The oil price fell around 9% on the week as US inventories reported a rise of 8.2million barrels. The oil price has appeared stable around $55 for most of the year, closed the week below $50. Despite the almost near certainty the Fed will hike on Wednesday the US dollar lost ground on the week against its basket of currencies, however it did rise against the Japanese yen.
Last week’s budget has been a complete disaster of the Conservative government, as the move to increase taxation on those self-employed has breached a promise in the Conservative manifesto, and alienated a large part of the Conservative voting base. One can only imagine that the Brexit debate led to Theresa May to taking her eye of the domestic ball to not spot this major policy error. This domestic problem cannot help her position in Europe as she looks to trigger Article 50 in the coming days.
Brexit, budgets, US interest rates, Dutch and French elections are all in turn making headlines. One that has been in less focus is the upcoming budget in the US, Donald Trump’s first. One of the issues will be Congress agreeing to raise the debt ceiling again. Would forty or more democrats risk putting the US at risk of defaulting on its debt, just to defy Trump? One would think not, but it is a possibility and one that markets are less focussed on.

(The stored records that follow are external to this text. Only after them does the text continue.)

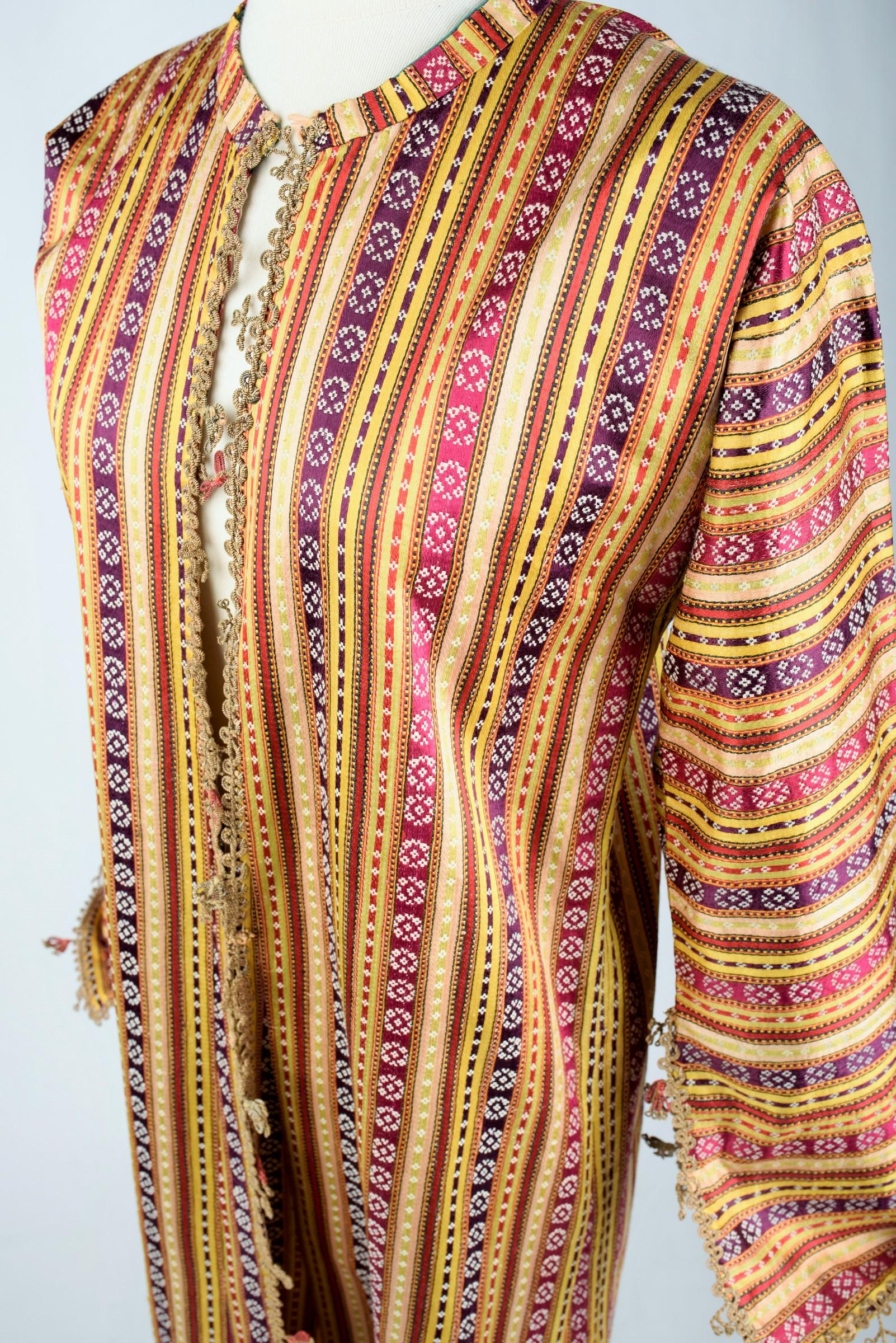 A Ceremonial Kaftan or Entari in brocaded satin - Ottoman Empire Circa 1900-1930 5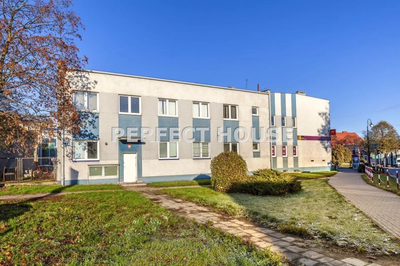 Dwa budynki biurowe w centrum Sierpca - 2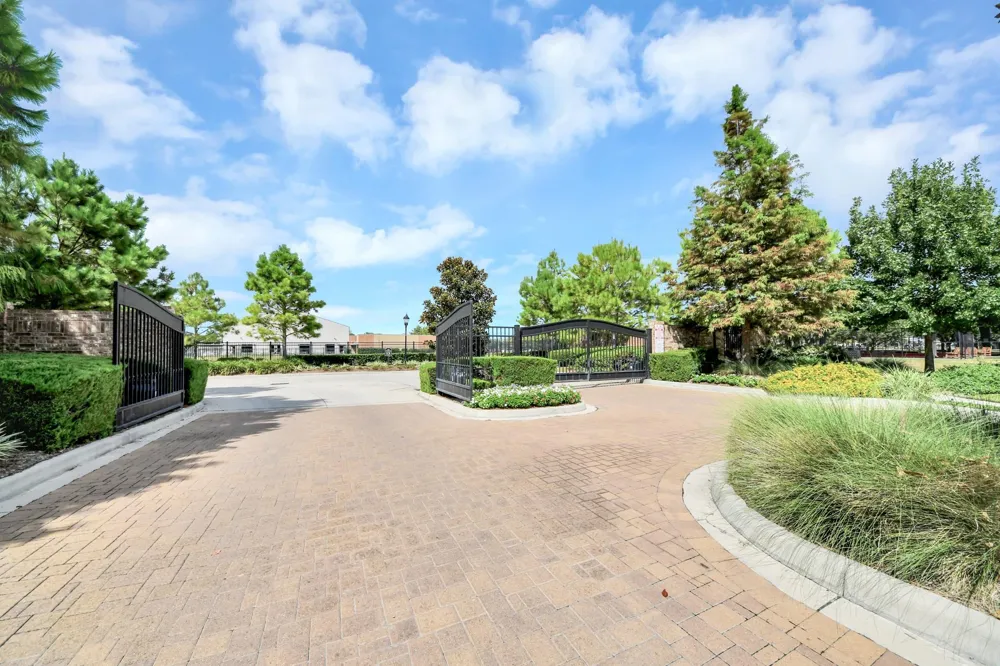 4007 Centre Meadow Way Houston, TX 77043
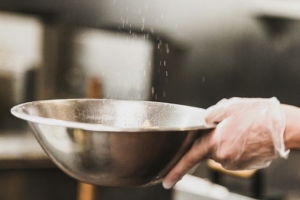 기사로 이동 - “고혈압 환자에 희소식”...점심에 바꾼 ‘이 습관’, 혈압 위험 낮출 수 있다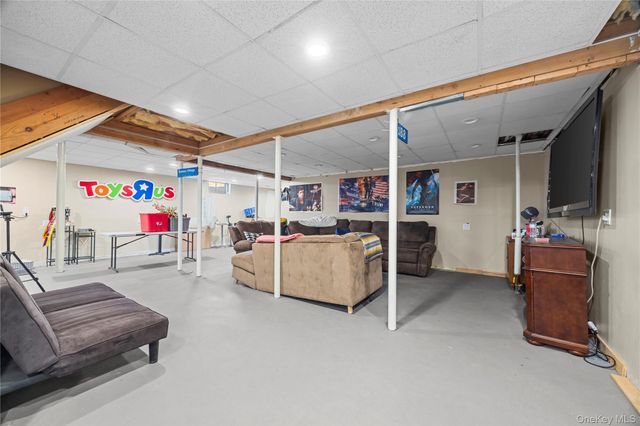 7 Bittersweet Lane, Center Moriches, NY 11934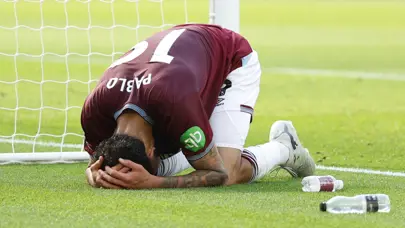 Kazandı ama yetmedi: Premier Lig'den düşen son takım belli oldu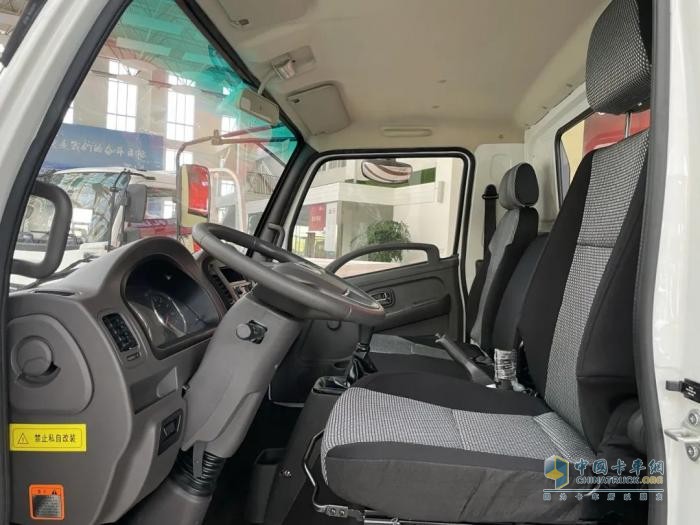 “勤儉持家”飛碟奧馳MV3，開起來比燃油車省一半！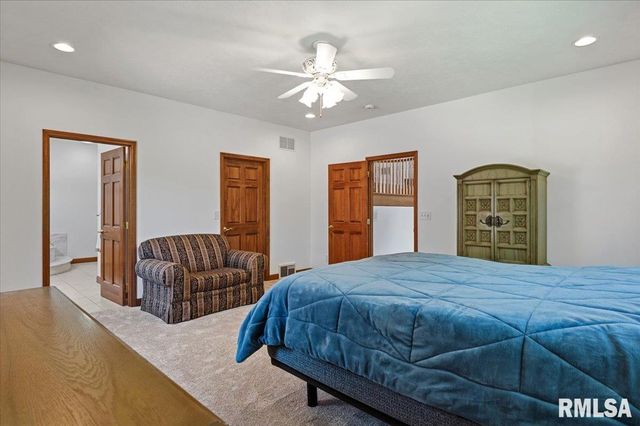 47 WOODLAND Trail, Rochester, IL 62563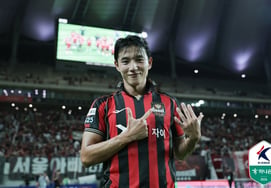 'First goal of the season' Jung Seung-won, reason for showing seven fingers? "We will bring Seoul's seventh star... KARA ceremony will be next time" [Sangam]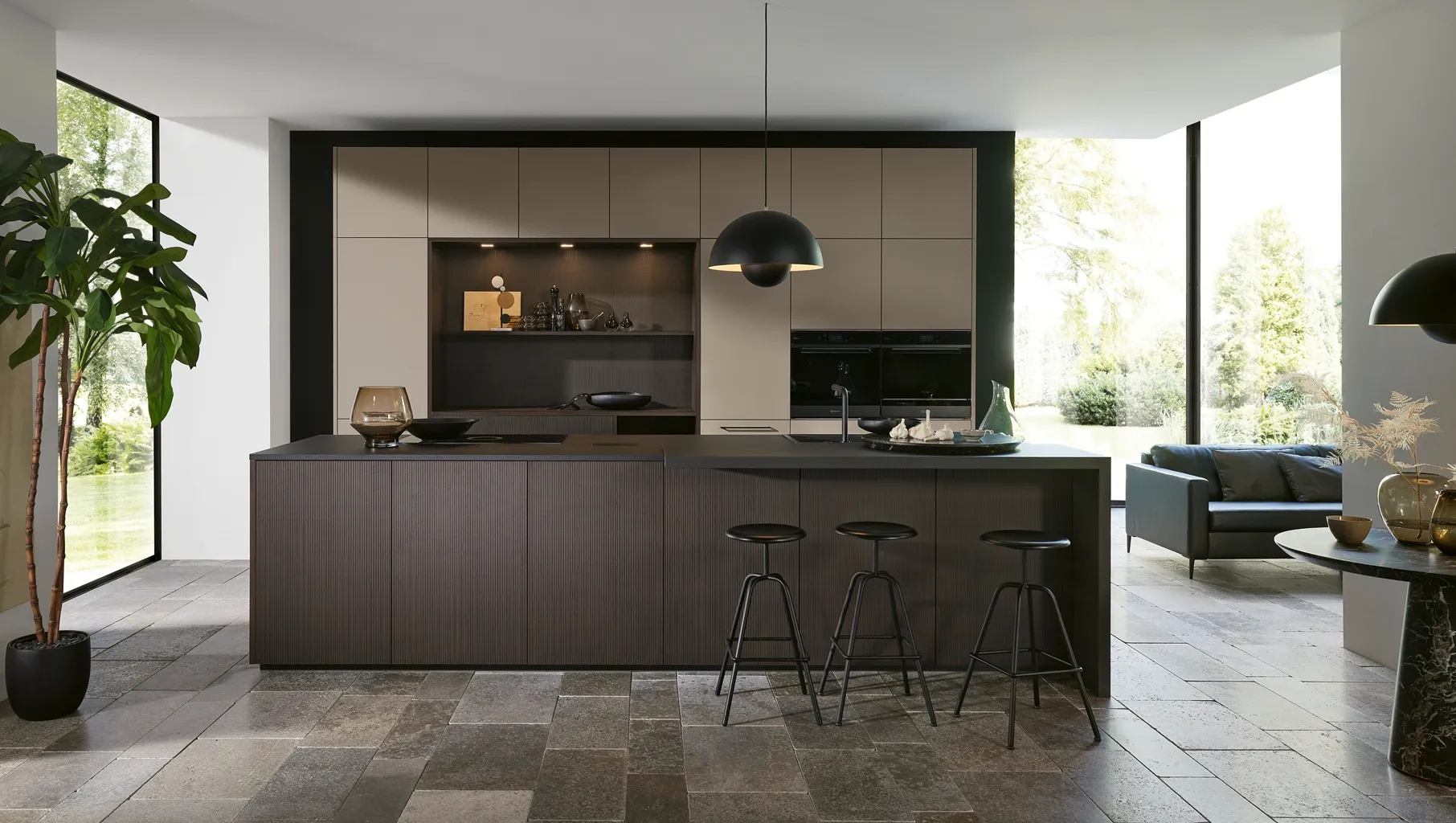 Bruine keuken van Logic Kitchen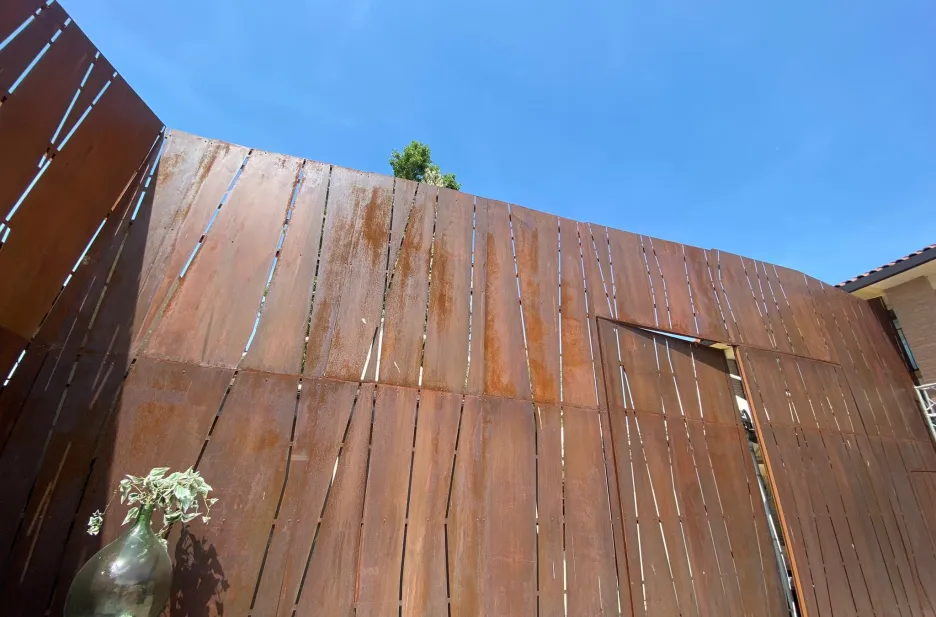 Due pareti in acciaio corten in un ristorante sembrano dei rami secchi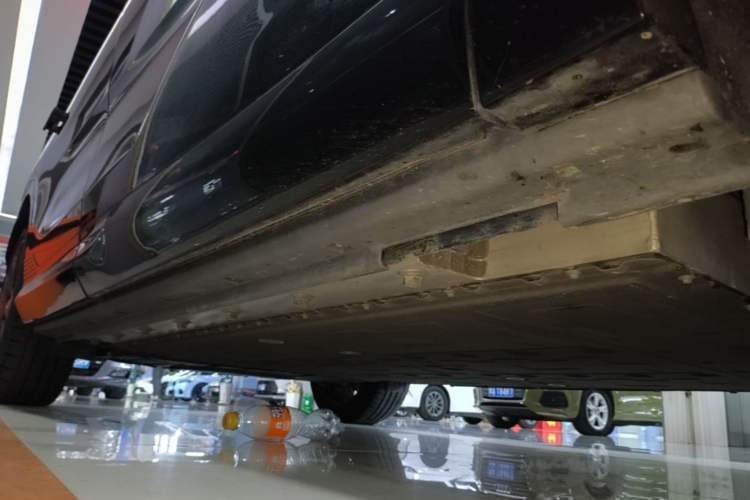 Used VOYAH COURAGE 2024 Four-Wheel Drive Global Edition Right Side Sill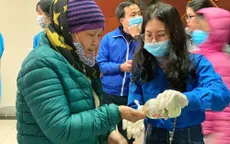 Tuổi trẻ Thủ đô ra quân phát khẩu trang, nước rửa tay khô phòng dịch Corona
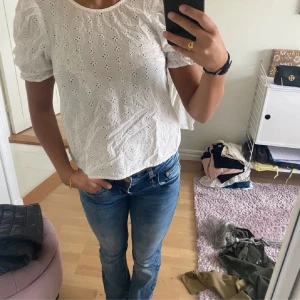 Blus - Knappt använd, perfekt till sommaren💓Pris kan diskuteras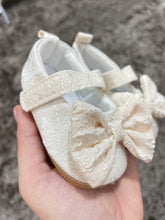 Carregar imagem no visualizador da galeria, Sapatinho Rendado
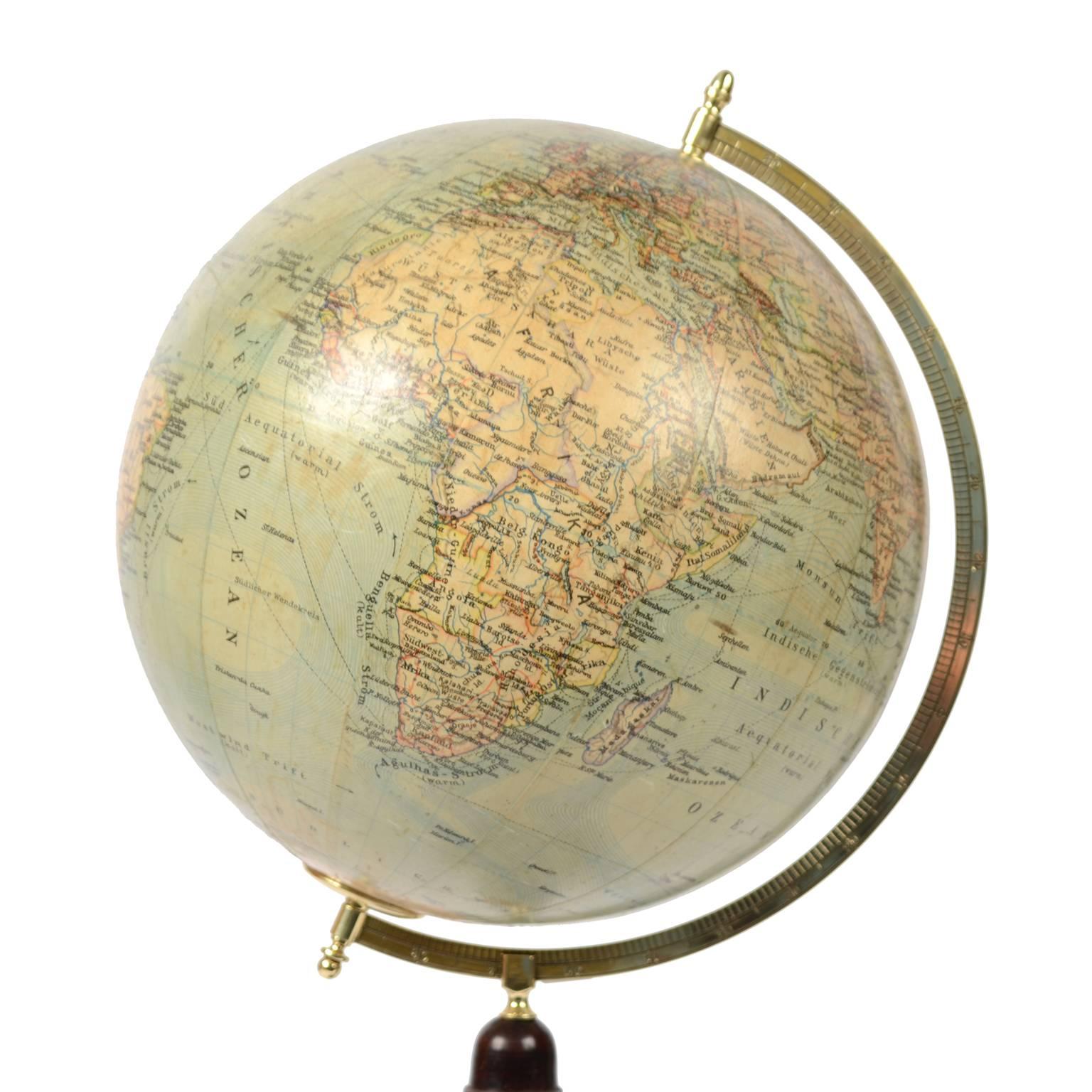 Terrestrial globe published by Prof. Fisher for Wagner & Debes Leipzig in the second half of the nineteenth century. In addition to the territorial map, ocean currents and main oceanic currents are depicted. Turned wooden base complete with engraved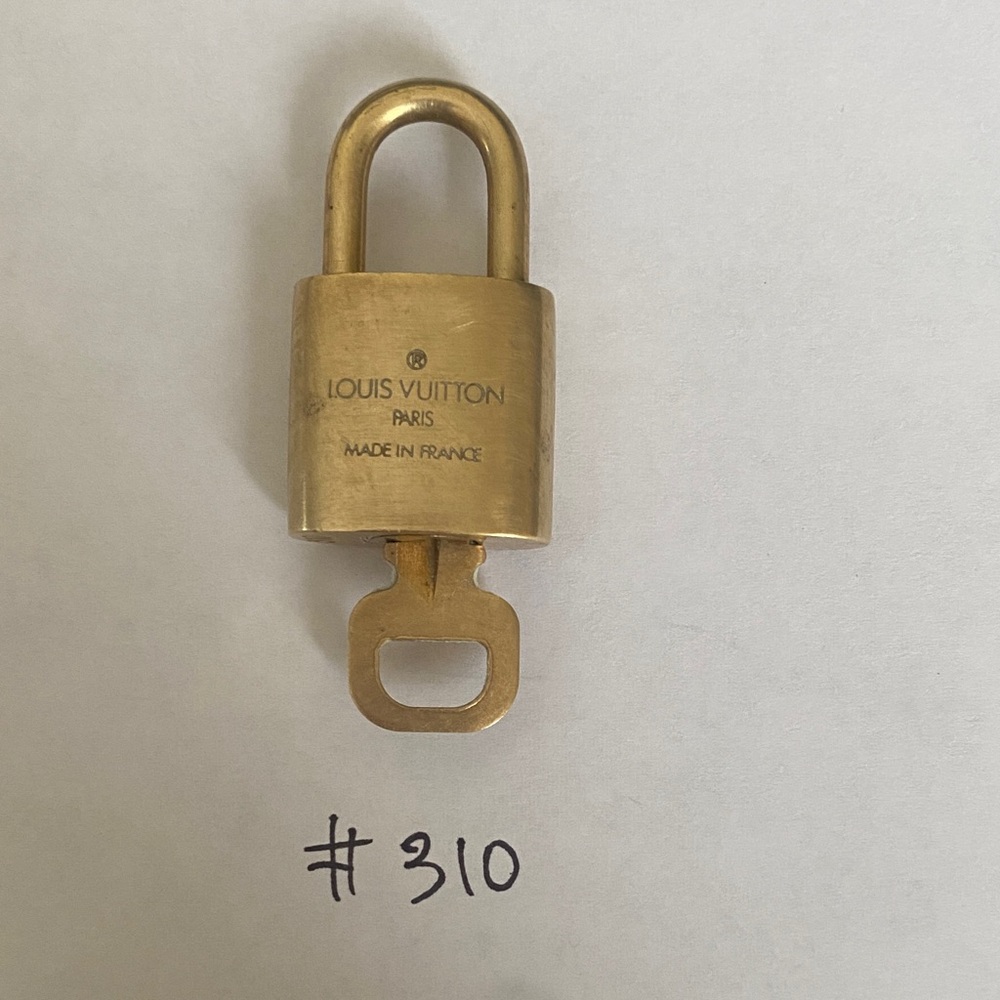 Louis Vuitton Gold lock and key - Picture 8 of 10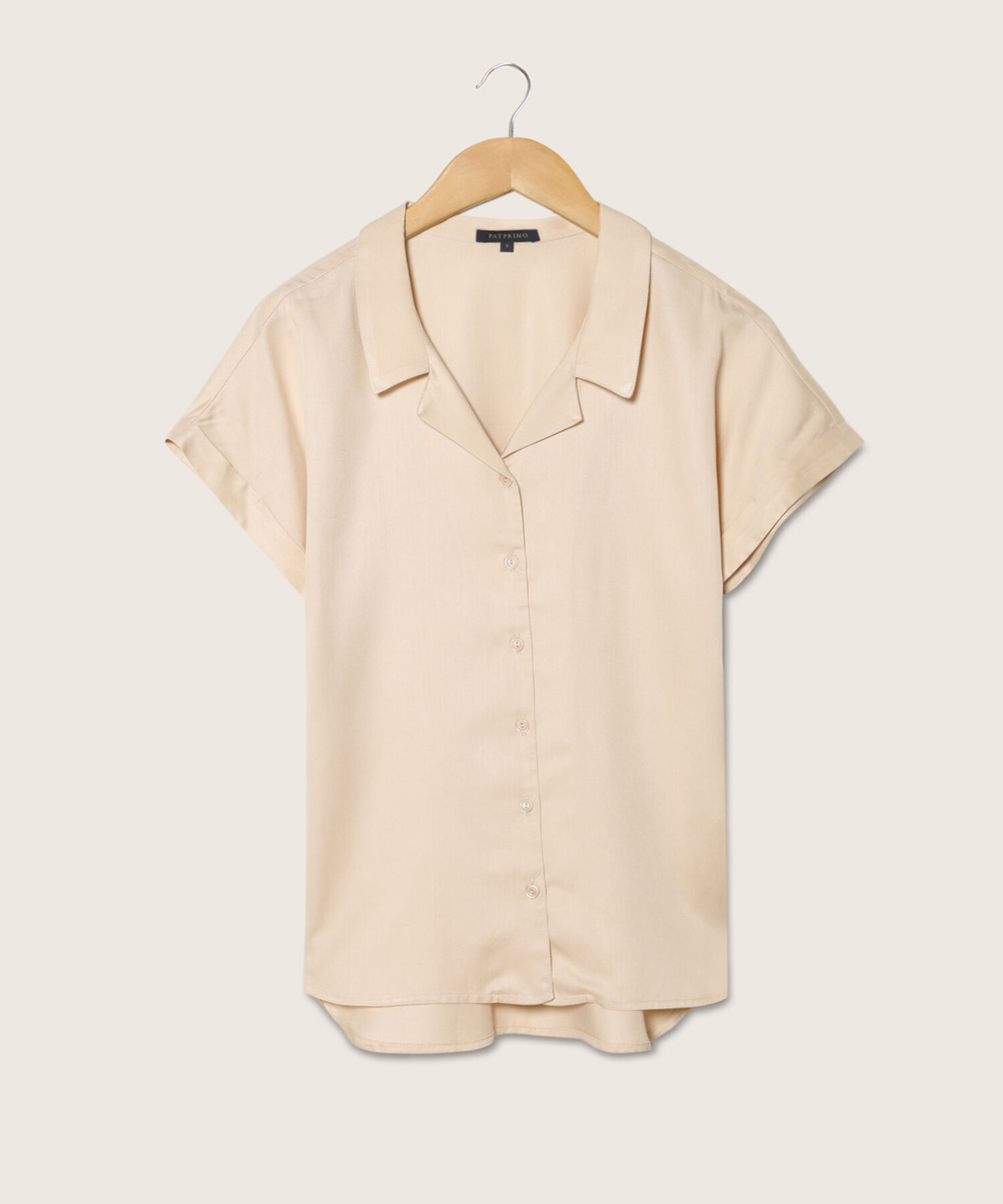 Camisa Unicolor, Manga Corta Con Guardapolvos, Cuello Sport Y Botonadura Azul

Not only do the Fed meet on Wednesday, it’s also the turn of the Bank of England to meet and decide whether to alter either the current interest rate policy or monetary stimulus programme. No one is expecting the Bank to move on either despite inflation picking up, the better economic growth expectations and the unemployment rate remaining below 5%. One must wonder if Mr Carney is storing up trouble further down the line.
The other event at the end of the week that may attract some headlines is the 2-day meeting of G20 finance ministers starting on Friday.